What is needed is an exact copy of the lines from the one containing "HOMCOM 61inch Kitchen" through the last line of the records below, with no pictures.

▶ Data
---*---

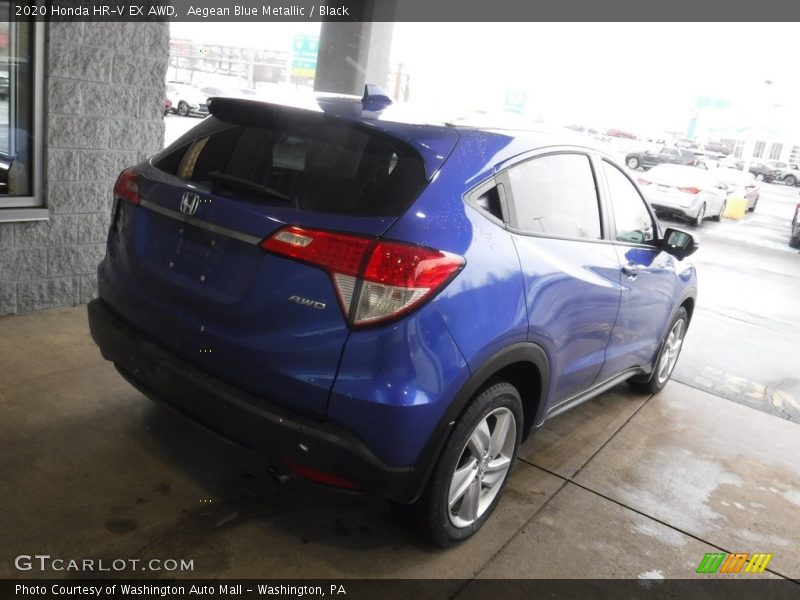 Aegean Blue Metallic / Black 2020 Honda HR-V EX AWD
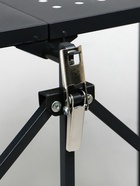 Стеллаж складной на колесах, 2 полки, 71.5×34×55, цвет чёрный матовый - Фото 6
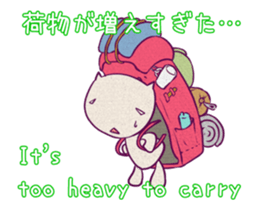 TravelingCat / Japanese and English sticker #12932503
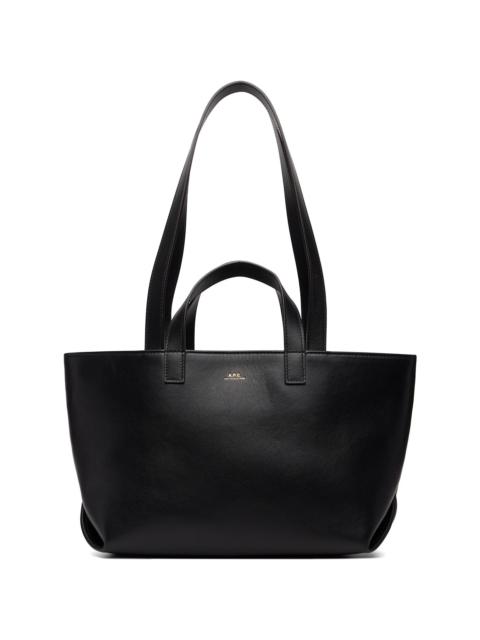 A.P.C. Black Drummer Small Tote
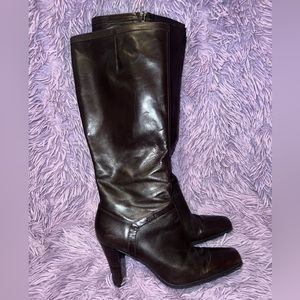 🤎Nine West Brown Heeled Boots🤎
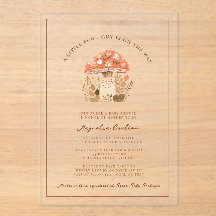 Ein Kleiner Spaß Pilz Herbst-Baby-Shower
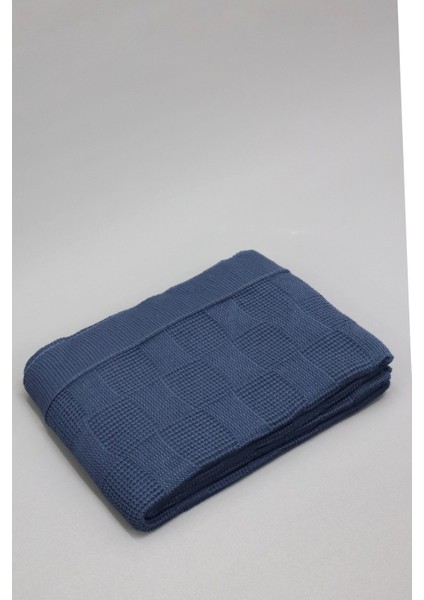 Yumuşak Örgü Battaniye Karo 130X170 cm Indigo | Tek Kişilik Tv Battaniyesi – Dekoratif ve Hafif fiyatları
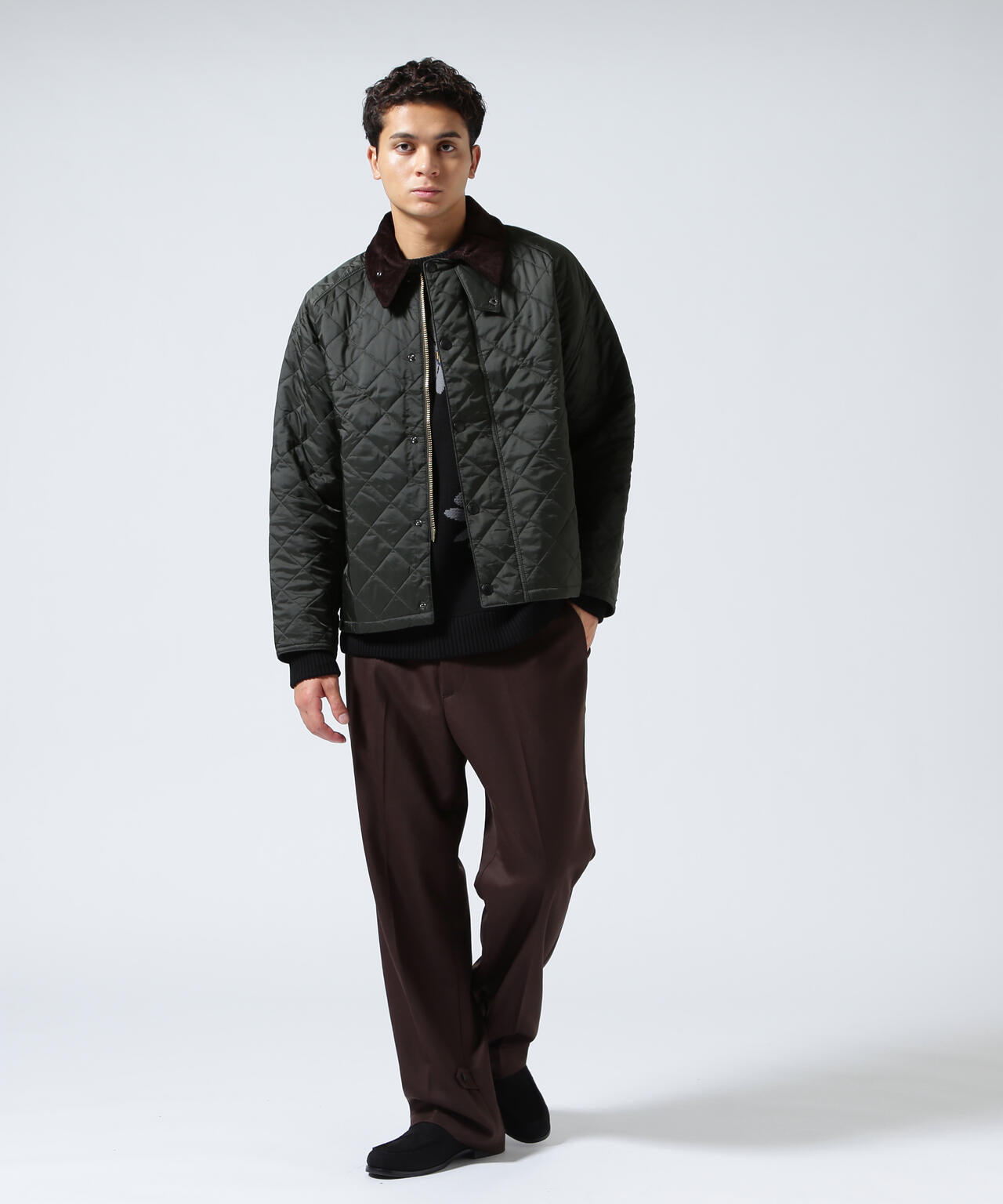 Barbour Tartan キルティングジャケット Sサイズ 古着 バブアー Barbour Dress Tartan キルティング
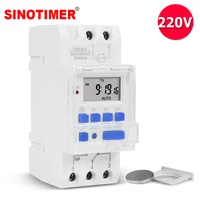 SINOTIMER Brand Electronic Weekly 7 Days Programmable Digital Time Switch Relay Timer Control AC 220V 230V 16A Din Rail Mount 1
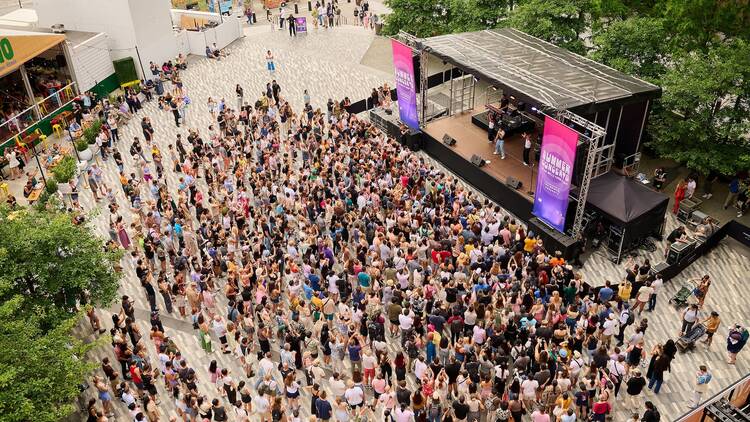 Hudson Yards backyard concert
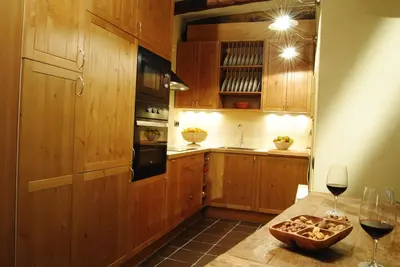 Una cocina o zona de cocina en Cal Porxo del Priorat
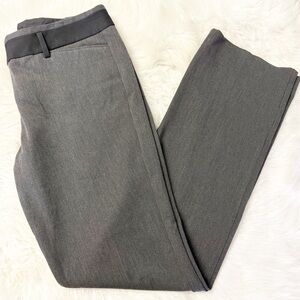 Express Editor Barely Boot Pants Charcoal Gray Size 8R NWT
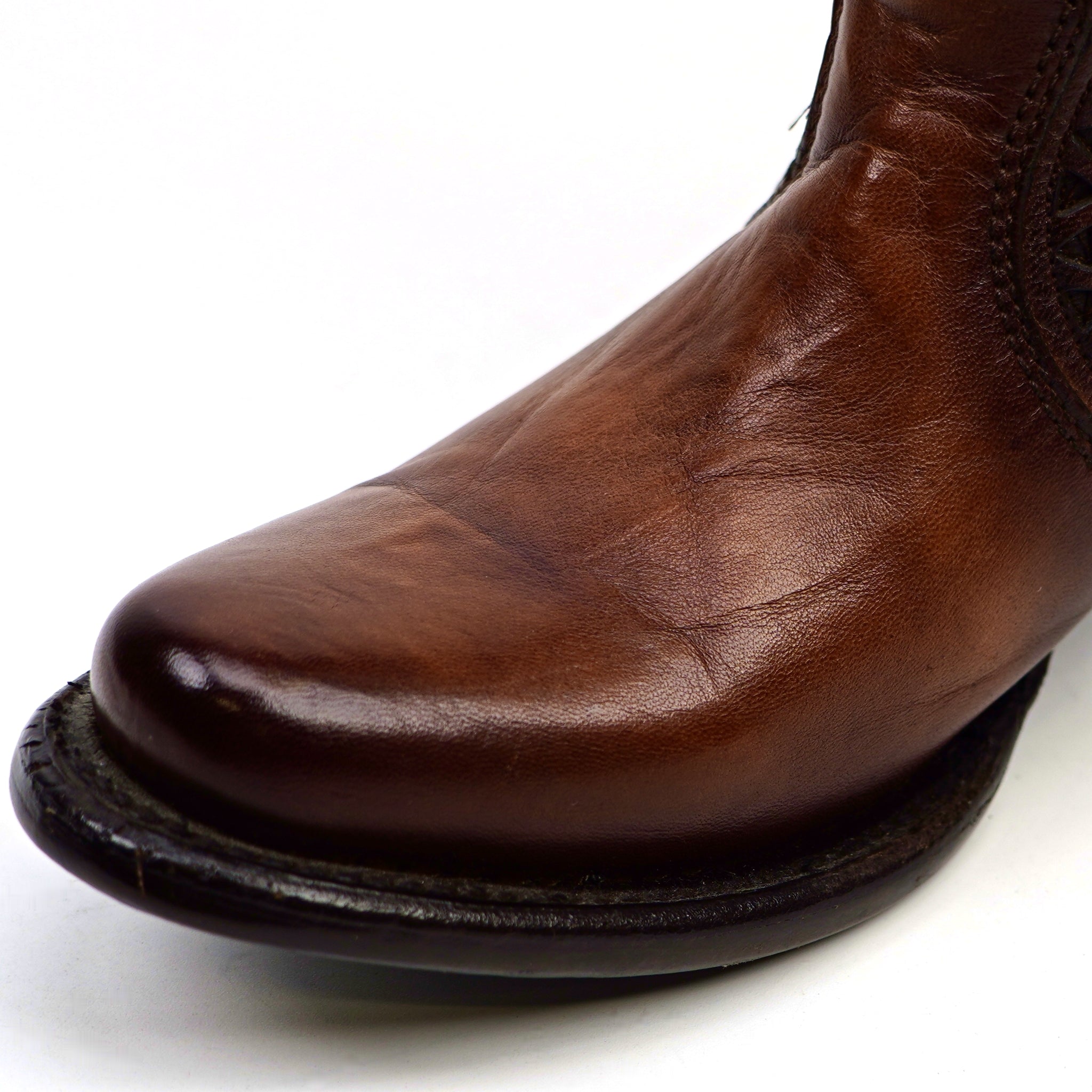 Conny Taupe - Round Toe
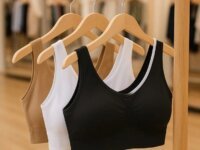 Kit 3 Sutiã Top Regata Microfibra Sem Costura Com Bojo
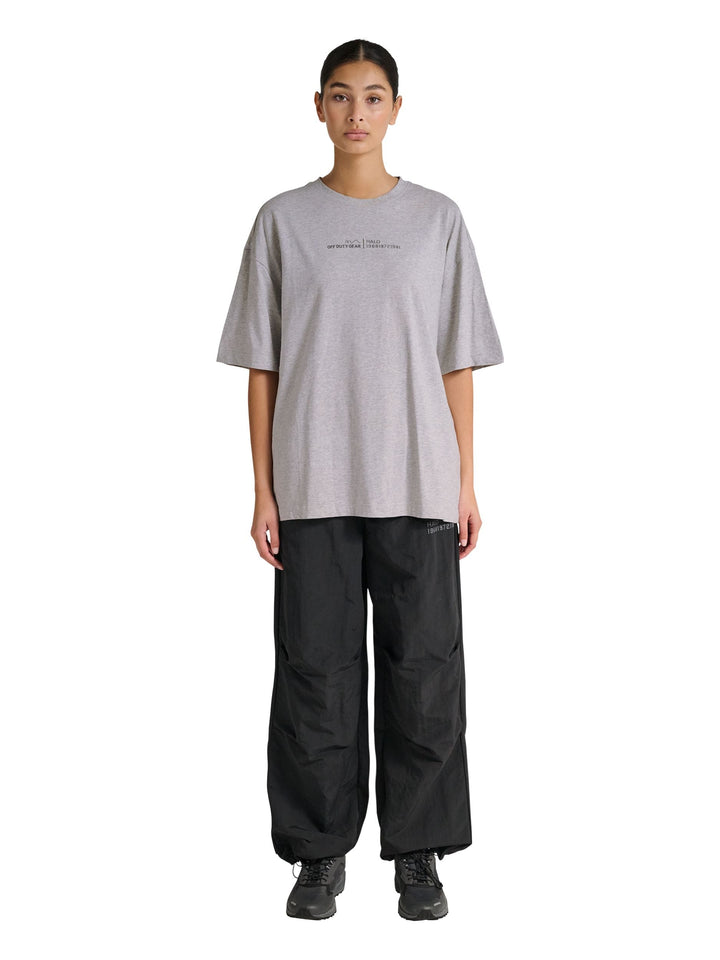 Halo - Graphic Boxy T-Shirt 230418 - 2010 - Light Grey Melange T-shirts 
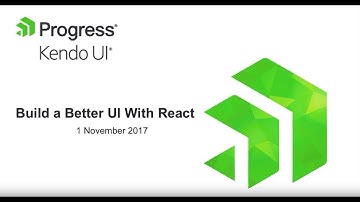 Build a Better UI With React and Kendo UI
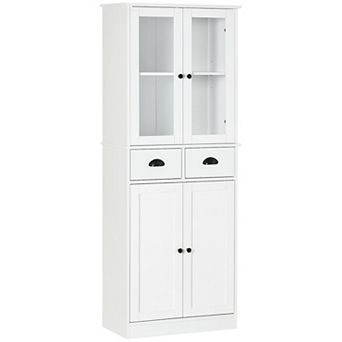 HOMCOM 61inch Kitchen Pantry Cabinet with Storage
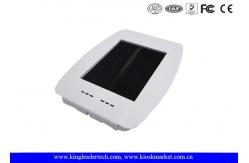 China Wall Mount Ipad Kiosk Enclosure Anti-theft with Security iPad Lock-white supplier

---*---

▶ Response to this exercise
 HOMCOM 61inch Kitchen Pantry Cabinet with Storage
 China Wall Mount Ipad Kiosk Enclosure Anti-theft with Security iPad Lock-white supplier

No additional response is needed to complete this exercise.